Forum: Ruby on Rails Unwanted sessions after routing error

Announcement (2017-05-07): www.ruby-forum.com is now read-only since I unfortunately do not have the time to support and maintain the forum any more. Please see rubyonrails.org/community and ruby-lang.org/en/community for other Rails- und Ruby-related community platforms.
646ce3f178af64df9b0bb9d73e31e3bc?d=identicon&s=25 Craig Hockenberry (Guest)
on 2006-02-01 22:31
I'm building a session-less application and have set "session :off" in
the base controller (ApplicationController in application.rb).

Unfortunately, I still see session files appearing in /tmp/ruby_sess.*
-- and the cause of these files is when a routing error occurs. Whenever
a bad URL comes in, for example
<http://localhost:3000/not/a/chance/in/hell>, the RoutingError exception
is raised then the session file is created.

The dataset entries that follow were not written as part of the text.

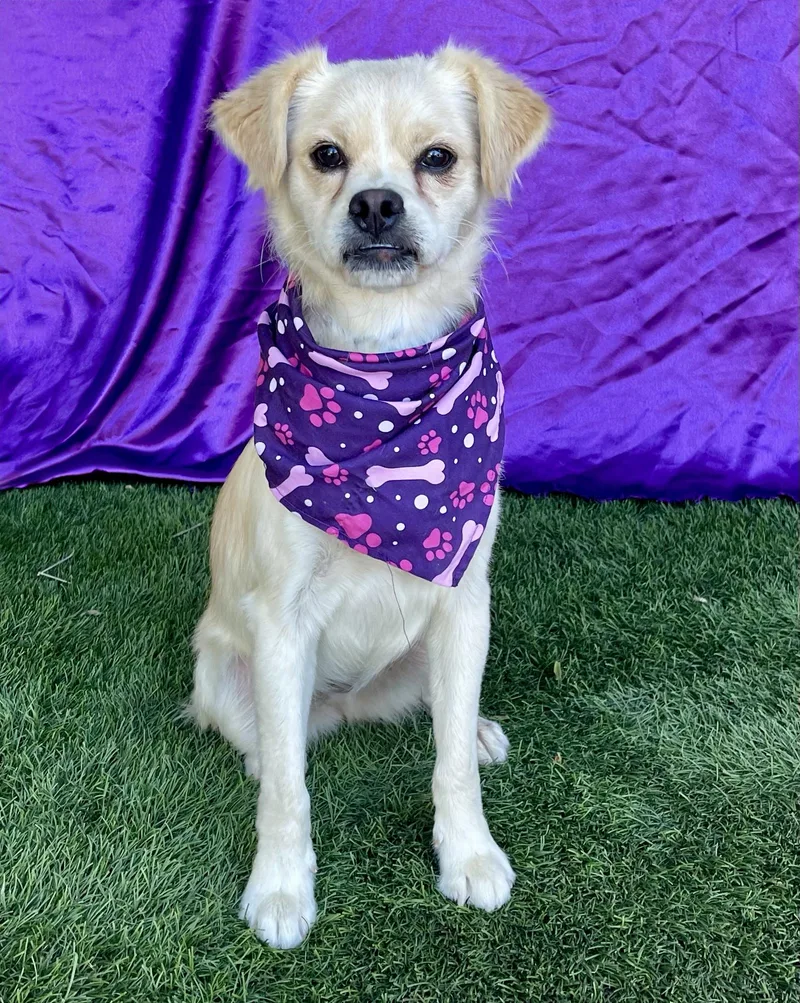 A young small-sized female Chihuahua dog named Lady for adoption in Rowland Heights, CA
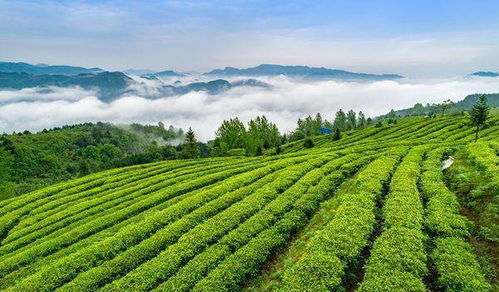 贵州茶园禁用农药多到数不过来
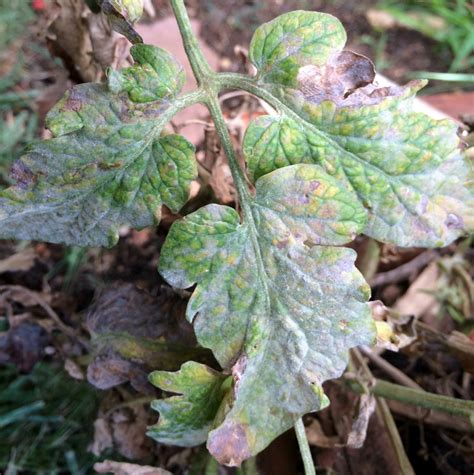 White Spots On Tomato Leaves Green Thumb Dad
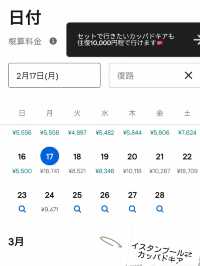 必見✈️往復6万円台でトルコ旅行🇹🇷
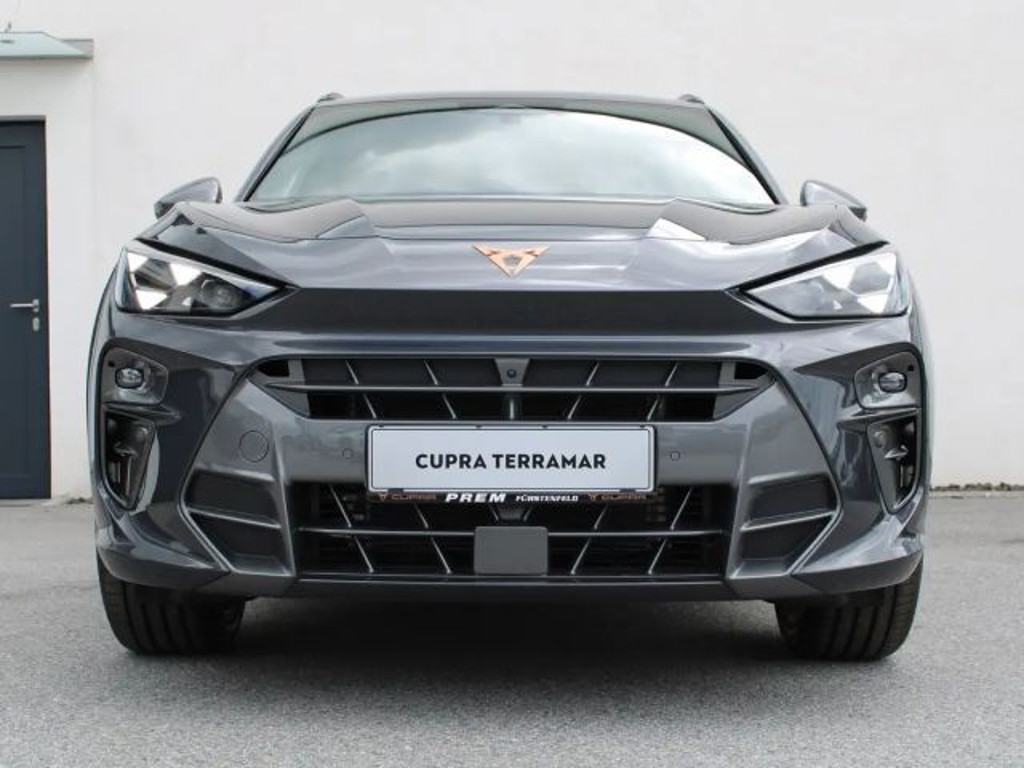 Cupra Terramar 1.5 e-TSI 150 PS DSG mit vielen Extras!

I see this behavior in both the development (WEBrick) and production
(Apache) environments.

After reading
<http://wiki.rubyonrails.org/rails/pages/HowtoChang..., I
tried this as a workaround in environment.rb:

ActionController::CgiRequest::DEFAULT_SESSION_OPTIONS.update(:disabled
=> true)

That didn't help.

It appears that this problem occurs after the render_* methods, while
ActionController is building the response, so I'm not sure how to
workaround it.

FYI, I found this problem because of a bad image URL that someone had
entered into a database. I don't want to solve this problem by doing URL
validation :-)

Any help or suggestions would be most appreciated.

-ch
646ce3f178af64df9b0bb9d73e31e3bc?d=identicon&s=25 Craig Hockenberry (Guest)
on 2006-02-03 21:27
Found the bug and submitted this ticket:

http://dev.rubyonrails.org/ticket/3708

-ch
This topic is locked and can not be replied to.